1

I am writing data into s3 bucket and creating parquet files using pyspark . MY bucket structure looks like below:

s3a://rootfolder/subfolder/table/

subfolder and table these two folders should be created at run time if folders do not exist , and if folders exist parquet files should inside folder table .

when I am running pyspark program from local machine it creates extra folder with _$folder$ (like table_$folder$ ) but if same program is run from emr it creates with _SUCCESS .

writing into s3: (pyspark program)
 data.write.parquet("s3a://rootfolder/sub_folder/table/", mode="overwrite")
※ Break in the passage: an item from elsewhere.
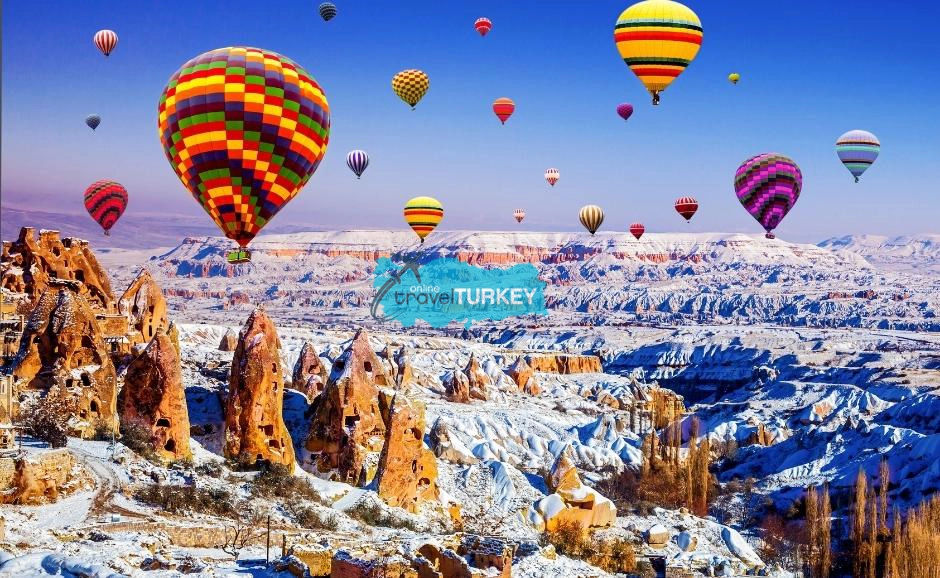 Cappadocia 7.webp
is there way that creates only folder in s3 if do not exist and do not create folders like table_$folder$ or with _SUCCESS .

Jay
  • 296
  • 10
  • 25
  • it will throw an error if data already exists, I am asking if folder exists let it be there but actually if it does not exist it should create folder in s3 bucket , that is happening but one extra folder with suffice foldername_$folder$ if I am running job from my local machine , and if I am running in aws emr then it gets created with _SUCCESS. – Jay Dec 03 '20 at 12:36
  • Note that S3 does not have folders. A "folder" is just a part of the key between two slashes. You cannot create folders in S3. – luk2302 Dec 03 '20 at 12:37
  • @Jay . How have you created folder ? Can you please post code – Xi12 Mar 09 '22 at 20:40

2 Answers2

1

s3a connector (org.apache.hadoop.fs.s3a.S3AFileSystem) doesn't create $folder$ files. It generates directory markers as path + /, . For example, mkdir s3a://bucket/a/b creates a zero bytes marker object /a/b/. This differentiates it from a file, which would have the path /a/b

  1. If, locally, you are using the s3n: URL. Stop it. use the S3a connector.
  2. If you have been setting the fs.s3a.impl option: stop it. hadoop knows what to use, and it uses the S3AFileSystem class
  3. If you are seeing them and you are running EMR, that's EMR's connector. Closed source, out of scope.
stevel
  • 12,567
  • 1
  • 39
  • 50
  • I ma using below config with pyspark : return SparkSession \ .builder \ .appName(app_name) \ .config('spark.cassandra.connection.host', 'localhost') \ .config('spark.cassandra.connection.port', '9042') \ .config("spark.serializer", "org.apache.spark.serializer.KryoSerializer") \ .config("spark.executor.memory", "3g") \ .config("spark.driver.memory", "3g") \ .config("spark.executor.cores","2")\ .config("fs.s3a.impl", "org.apache.hadoop.fs.s3native.NativeS3FileSystem")\ – Jay Dec 04 '20 at 11:53
  • if I am not using config("fs.s3a.impl", "org.apache.hadoop.fs.s3native.NativeS3FileSystem")\ it is throwing erorr " java.lang.NoSuchMethodError: com.amazonaws.services.s3.transfer.TransferManagerConfiguration.setMultipartUploadThreshold(I)V" – Jay Dec 04 '20 at 12:05
  • you want to make $folder$ go away, you get to sort out your classpaths. Read the hadopop s3a documentation. Changing s3a impl to NativeS3FileSystem means "I want to use the s3n connector with s3a URLS" – stevel Dec 08 '20 at 12:20
0

Generally, as it was mentioned in the comments on s3 everything is either Bucket or Object: However, the folder structure is more a visual representation and not an actual hierarchy like in a traditional filesystem.
https://docs.aws.amazon.com/AmazonS3/latest/user-guide/using-folders.html
For this reason, you have to only create the Buckets and don't need to create the folders. It will only fail if the bucket+key combination already exists.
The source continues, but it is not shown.